Lobsters don’t have a home, per se. Rather, they move across the rocky ocean floors searching for a cobble or den. In many ways, Paul Sadoff of Rock Lobster Cycles has been looking for a new cobble for the past few years, bouncing to and fro various shop spaces, all within a mile of each other. His new space, however, might just be the best yet.
On my recent trip out to Sea Otter, I swung through to catch up with Paul. It’d been over two years since the last time I saw him and as he’s one of my favorite builders to hang out with, I was looking forward to spending some time talkin’ tubes with him. Read on below for a Shop Visit as well as a look at the Rock Lobster singlespeed 29er from the Chris King Guest House event…
The Man, The Myth
Framebuilders feel like my family. Hell, I probably see them more than my parents or siblings, so I feel a connection when catching up with them. It’s been over two years since I last visited Paul, and he had a lot to share with me that afternoon. For one, he and his wife quit drinking – woooo! – which, at their age will do wonders for them.
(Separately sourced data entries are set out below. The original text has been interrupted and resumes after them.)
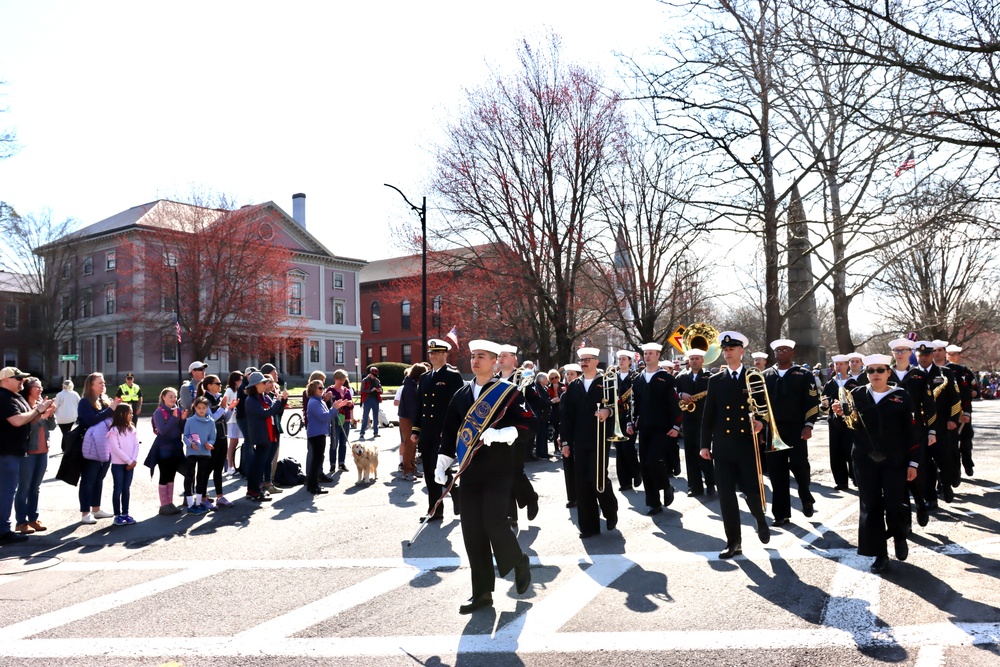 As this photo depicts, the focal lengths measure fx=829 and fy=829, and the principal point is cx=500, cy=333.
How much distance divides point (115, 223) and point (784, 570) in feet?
184

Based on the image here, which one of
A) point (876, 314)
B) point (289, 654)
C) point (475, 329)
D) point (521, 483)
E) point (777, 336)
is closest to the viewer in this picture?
point (289, 654)

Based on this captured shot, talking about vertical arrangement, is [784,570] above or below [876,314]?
below

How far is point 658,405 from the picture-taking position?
1060cm

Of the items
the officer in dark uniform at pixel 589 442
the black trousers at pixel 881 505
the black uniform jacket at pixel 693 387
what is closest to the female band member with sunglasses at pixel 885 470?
the black trousers at pixel 881 505

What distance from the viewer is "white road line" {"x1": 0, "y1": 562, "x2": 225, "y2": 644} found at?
5.80m

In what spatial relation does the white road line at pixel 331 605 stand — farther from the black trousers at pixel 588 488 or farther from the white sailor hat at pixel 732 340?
the white sailor hat at pixel 732 340

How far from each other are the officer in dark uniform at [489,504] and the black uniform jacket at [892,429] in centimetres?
305

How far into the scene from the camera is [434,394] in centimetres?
998

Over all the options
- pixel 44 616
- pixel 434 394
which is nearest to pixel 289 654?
pixel 44 616

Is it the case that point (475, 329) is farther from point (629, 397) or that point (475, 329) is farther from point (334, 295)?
point (334, 295)

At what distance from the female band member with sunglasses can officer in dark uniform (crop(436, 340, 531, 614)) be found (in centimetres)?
301

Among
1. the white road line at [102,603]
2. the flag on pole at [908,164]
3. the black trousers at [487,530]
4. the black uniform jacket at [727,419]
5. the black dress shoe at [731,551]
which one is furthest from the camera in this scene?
the flag on pole at [908,164]

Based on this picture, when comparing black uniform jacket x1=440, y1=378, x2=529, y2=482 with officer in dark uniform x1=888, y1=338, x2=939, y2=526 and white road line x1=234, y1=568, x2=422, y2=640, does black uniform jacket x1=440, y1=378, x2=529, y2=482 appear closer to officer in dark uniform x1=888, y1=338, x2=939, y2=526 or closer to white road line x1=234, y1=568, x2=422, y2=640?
white road line x1=234, y1=568, x2=422, y2=640

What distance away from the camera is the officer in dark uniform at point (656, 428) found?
10133mm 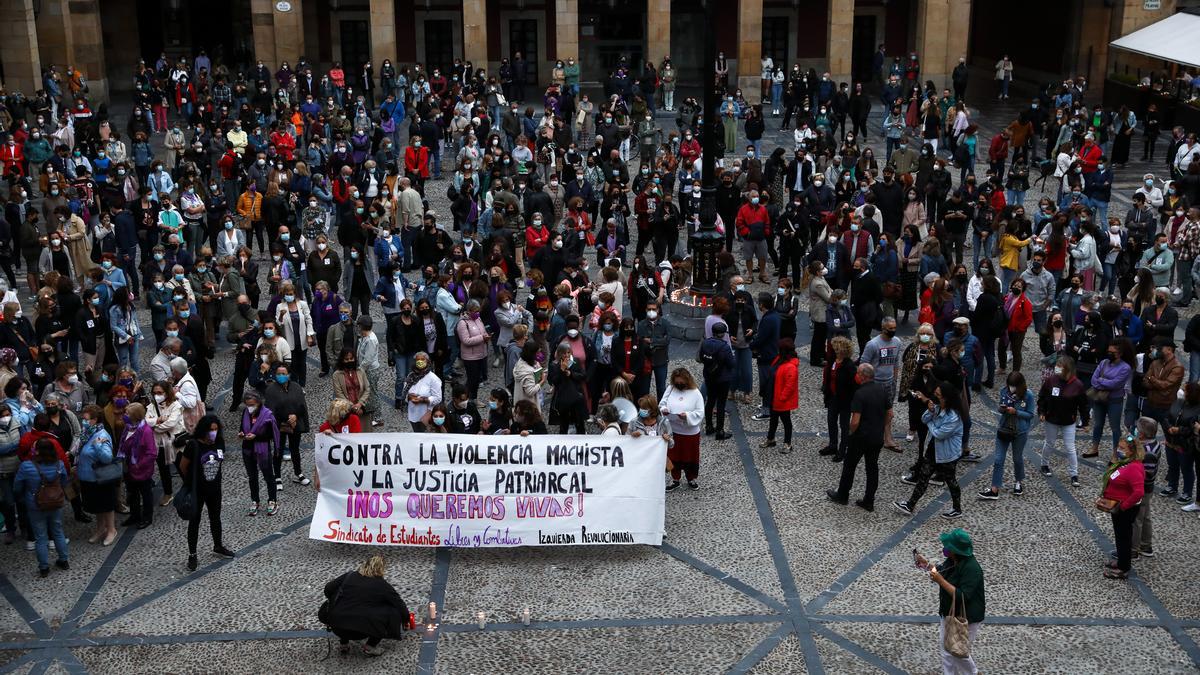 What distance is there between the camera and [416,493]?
12664 millimetres

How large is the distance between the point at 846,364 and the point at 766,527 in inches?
83.5

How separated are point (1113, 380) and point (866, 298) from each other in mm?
3823

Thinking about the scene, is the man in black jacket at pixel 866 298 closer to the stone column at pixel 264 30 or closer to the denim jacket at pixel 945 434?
the denim jacket at pixel 945 434

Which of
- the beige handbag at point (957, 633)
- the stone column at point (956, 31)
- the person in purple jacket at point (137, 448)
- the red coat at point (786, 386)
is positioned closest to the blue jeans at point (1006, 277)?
the red coat at point (786, 386)

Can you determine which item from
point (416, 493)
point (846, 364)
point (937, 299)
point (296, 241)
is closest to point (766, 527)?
point (846, 364)

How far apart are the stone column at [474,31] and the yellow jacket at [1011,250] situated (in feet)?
73.6

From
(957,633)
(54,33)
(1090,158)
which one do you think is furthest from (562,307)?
(54,33)

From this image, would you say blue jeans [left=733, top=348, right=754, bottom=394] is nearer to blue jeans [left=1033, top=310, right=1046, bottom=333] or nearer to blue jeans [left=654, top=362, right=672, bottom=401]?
blue jeans [left=654, top=362, right=672, bottom=401]

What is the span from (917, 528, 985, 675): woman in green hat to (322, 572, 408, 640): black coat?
4.20 meters

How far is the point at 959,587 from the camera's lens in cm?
984

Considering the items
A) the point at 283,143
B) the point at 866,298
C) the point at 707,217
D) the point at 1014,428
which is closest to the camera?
the point at 1014,428

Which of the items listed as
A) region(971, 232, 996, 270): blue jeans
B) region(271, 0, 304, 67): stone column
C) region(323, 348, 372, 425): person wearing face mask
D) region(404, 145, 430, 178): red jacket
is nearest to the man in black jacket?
region(971, 232, 996, 270): blue jeans

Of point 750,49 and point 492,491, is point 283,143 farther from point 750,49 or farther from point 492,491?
point 492,491

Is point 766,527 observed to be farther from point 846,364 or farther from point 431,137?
point 431,137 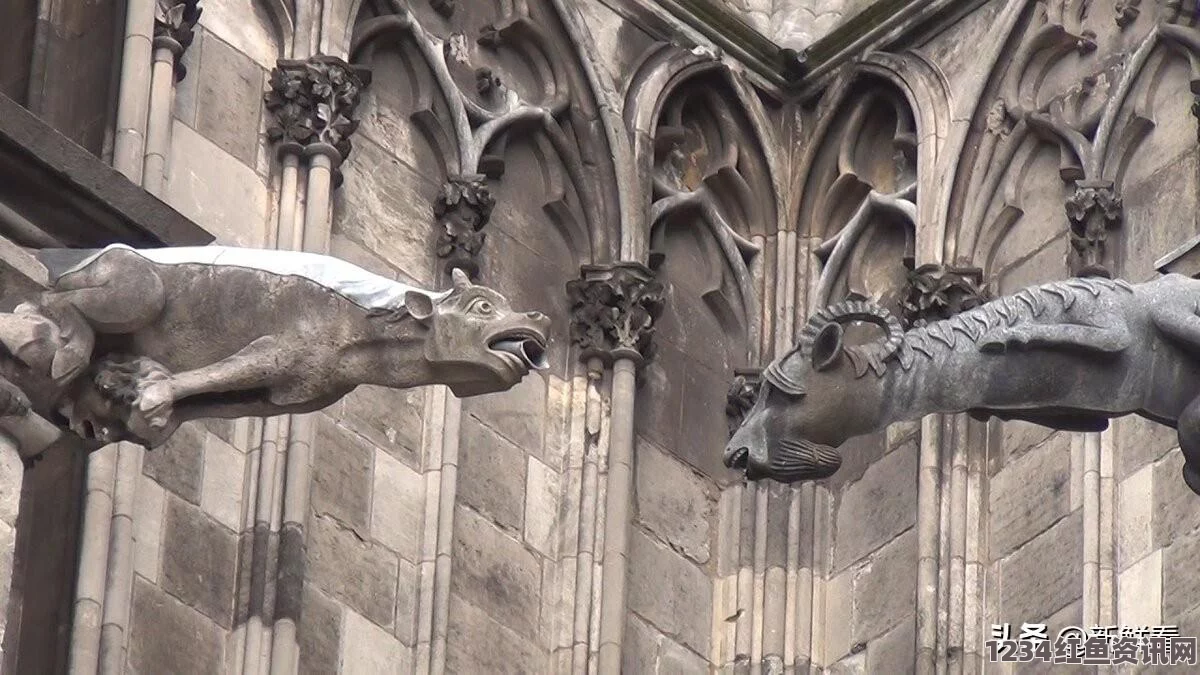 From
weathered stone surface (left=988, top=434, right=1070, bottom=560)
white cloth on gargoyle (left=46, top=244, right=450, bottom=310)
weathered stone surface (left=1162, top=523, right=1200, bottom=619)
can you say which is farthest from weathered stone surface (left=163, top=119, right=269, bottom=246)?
white cloth on gargoyle (left=46, top=244, right=450, bottom=310)

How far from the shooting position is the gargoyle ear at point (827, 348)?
1406 cm

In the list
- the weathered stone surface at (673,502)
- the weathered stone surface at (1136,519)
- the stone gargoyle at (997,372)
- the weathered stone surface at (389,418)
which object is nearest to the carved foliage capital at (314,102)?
the weathered stone surface at (389,418)

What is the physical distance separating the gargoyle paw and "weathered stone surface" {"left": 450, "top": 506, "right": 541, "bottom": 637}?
271 inches

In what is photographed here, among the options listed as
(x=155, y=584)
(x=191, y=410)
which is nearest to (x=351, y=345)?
(x=191, y=410)

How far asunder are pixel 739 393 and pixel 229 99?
274cm

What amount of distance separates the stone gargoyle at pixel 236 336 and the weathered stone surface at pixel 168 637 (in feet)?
17.0

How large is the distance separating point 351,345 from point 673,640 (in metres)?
7.85

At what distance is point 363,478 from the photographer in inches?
862

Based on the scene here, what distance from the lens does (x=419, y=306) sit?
15.3m

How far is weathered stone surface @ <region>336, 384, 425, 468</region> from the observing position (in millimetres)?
22000

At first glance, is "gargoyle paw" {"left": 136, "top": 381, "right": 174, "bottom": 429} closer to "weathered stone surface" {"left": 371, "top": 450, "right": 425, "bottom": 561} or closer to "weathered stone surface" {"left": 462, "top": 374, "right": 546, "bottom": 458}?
"weathered stone surface" {"left": 371, "top": 450, "right": 425, "bottom": 561}

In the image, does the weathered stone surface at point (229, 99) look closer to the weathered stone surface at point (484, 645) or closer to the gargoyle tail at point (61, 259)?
the weathered stone surface at point (484, 645)

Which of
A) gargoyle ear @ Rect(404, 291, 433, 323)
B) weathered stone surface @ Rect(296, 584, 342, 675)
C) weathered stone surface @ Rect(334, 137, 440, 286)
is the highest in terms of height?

He’s also lamented about having more time to play his guitar by spending less time building bikes.
The latter perspective surprised me because, on previous visits, Paul would wax poetic about spending his last days in the shop but when you cut out drinking, your world gets a little brighter.
The intersectionality of hobbies with building bikes is what draws me the most to builders. Curtis Inglis has his scooters and vintage cars, as does Jeremy Sycip. Adam Sklar has a bong company and likes to build furniture. Peter Weigle has his love affair with vintage autos as well. While bikes put food on their plates and a roof over their heads, it’s nice to see some other hobbies calling the shots.
Unfortunately, I didn’t have time for a Paul Sadoff concert this trip, although he promised me that he’d bust it out for me the next time. Instead, the comedy routine impressed! ;-)
Wow. My jaw hit the ground when I walked through the doors of the new Rock Lobster cobble. This part of Mission St. in Santa Cruz is very industrial. Hell, it’s probably the last bastion of affordable rent in the entire Santa Cruz area. The tech invasion hasn’t faired the creative population of town well, driving up commercial real estate prices but in this little corner, you’ll hear machines whirling, metal clanging as the neighbors make everything from painted canvas to sculptures, sandals to furniture, and yeah, badass mo’ fo’ bikes!
Paul shares this space with a furniture maker called Kochlacs Wood, so a quarter of the space is filled with beautiful live edge slabs of hardwood. The rest is Paul’s shop, which he shares with a fella named Brendan, who builds bikes on the side in the space. We’ll look at Brendan’s latest creation tomorrow…
The veritable museum of bikes hanging on the wall is most impressive about this new space. From the first few Rock Lobsters, to Bruce Gordon road bikes, and countless other vintage builds, Paul has a wide collection of bikes to ogle. So many in fact, that your neck will hurt from craning up at the display.
This space used to be an outdoor area between two buildings, hence the massive mural painted on the wall. It was later enclosed in the 1970s.
Paul has been 29er curious ever since he began working with Brendan. He’s always been a 27.5″ kinda guy, perhaps due to him spending so much time on 26″ mountain bikes. For the Chris King Guest House event, I shot Paul’s bike at his shop, as I felt like it was would be a nice supplement to this Shop Visit.
It’s built with an integrated steel head tube, Paragon Rocker dropouts, and is coated with a beautiful blue spec paint.
He also used a variation on his classic logo for this bike. Paul has used the original Rock Lobster logos since its inception in the early 1980s!
The build is laced with beautiful Paul Component bits, a Fox fork, and those brand new Chris King wheels.
I cherish these afternoons with framebuilders and wanted to thank Paul for his time and humor. With the world feeling like it’s opening back up, I hope to bring more photosets like this to you, the readership.